How It Works -- The 6-Step Lookup Flow

When get(query) is called, the cache executes the following steps:

Step-by-step detail

  1. Build exact key. The query string is passed to CacheKeyBuilder.build("response", query), producing a deterministic key like omnicache:resp:a3f9b2c1d4e5f678.

  2. Check exact backend. The key is looked up in exact_backend.get(key). If found, the raw bytes are deserialized with pickle.loads and returned immediately. This path requires no embedding computation and is the fastest possible cache hit.

  3. Embed the query. On exact miss, the query is passed to embed_fn(query), which returns a float32 numpy array. This typically requires an API call to an embedding model.

  4. Search the vector backend. The embedding is sent to vector_backend.search(vector, top_k=1), which returns the nearest stored vector along with its similarity score and associated key.

  5. Check similarity threshold. If the cosine similarity between the query embedding and the nearest neighbor is greater than or equal to threshold (default 0.95), the match is accepted. Otherwise, the lookup is a full miss.

  6. Retrieve the value. The key associated with the nearest neighbor is used to look up the stored value in exact_backend. If found, it is deserialized and returned as a semantic hit. If the key has expired or been evicted, the result is None.

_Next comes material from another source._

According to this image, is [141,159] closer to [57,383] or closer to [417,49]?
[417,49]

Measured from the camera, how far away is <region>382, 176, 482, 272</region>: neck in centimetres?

The vector backend stores keys, not values

The vector backend maps embeddings to cache keys. The actual cached value is always stored in and retrieved from the exact backend. This keeps the vector index lightweight and ensures TTL expiration in the exact backend is respected.


Storage Flow

When set(query, value) is called:

  1. Build the exact key from the query string.
  2. Serialize the value with pickle.dumps and store it in exact_backend with the optional TTL.
  3. Embed the query using embed_fn.
  4. Add the embedding and key to vector_backend via vector_backend.add(key, vector, metadata).
# Internally:
key = key_builder.build("response", query) # "omnicache:resp:..."
exact_backend.set(key, pickle.dumps(value), ttl) # store the value
vector = embed_fn(query).astype(np.float32) # embed the query
vector_backend.add(key, vector, {"value": value}) # index the vector

API Reference

Constructor

ParameterTypeDefaultDescription
exact_backendCacheBackendrequiredBackend for exact key-value lookups (InMemory, Disk, or Redis).
vector_backendVectorBackendrequiredBackend for approximate nearest-neighbor search (FAISS or Chroma).
embed_fnCallable[[str], np.ndarray]requiredFunction that converts a query string to a float32 numpy vector.
thresholdfloat0.95Minimum cosine similarity to accept a semantic match. Range: 0.0 to 1.0.
key_builderCacheKeyBuilder | NoneNoneOptional key builder. If None, a default CacheKeyBuilder() is created.

Methods

MethodParametersReturnsDescription
getquery: strAny | NoneLook up by exact key, then by vector similarity. Returns None on full miss.
setquery: str, value: Any, ttl: int | None = NoneNoneStore the value in both exact and vector backends.
deletequery: strNoneRemove the query from both backends.
clear(none)NoneFlush all entries from both backends.

Threshold Guidelines

ThresholdBehaviorRecommended for
0.98 - 1.00Near-exact matches onlySafety-critical, medical, legal
0.95 (default)High similarity requiredGeneral production use
0.90 - 0.94Moderate flexibilityFAQ bots, search assistants
< 0.90Broad matchingExploratory, non-critical workloads
Low thresholds increase false positives

A threshold below 0.90 may match queries that are topically related but semantically distinct. For example, "How to train a dog" might match "How to train a neural network" at low thresholds. Always validate with representative query pairs before deploying a low threshold in production.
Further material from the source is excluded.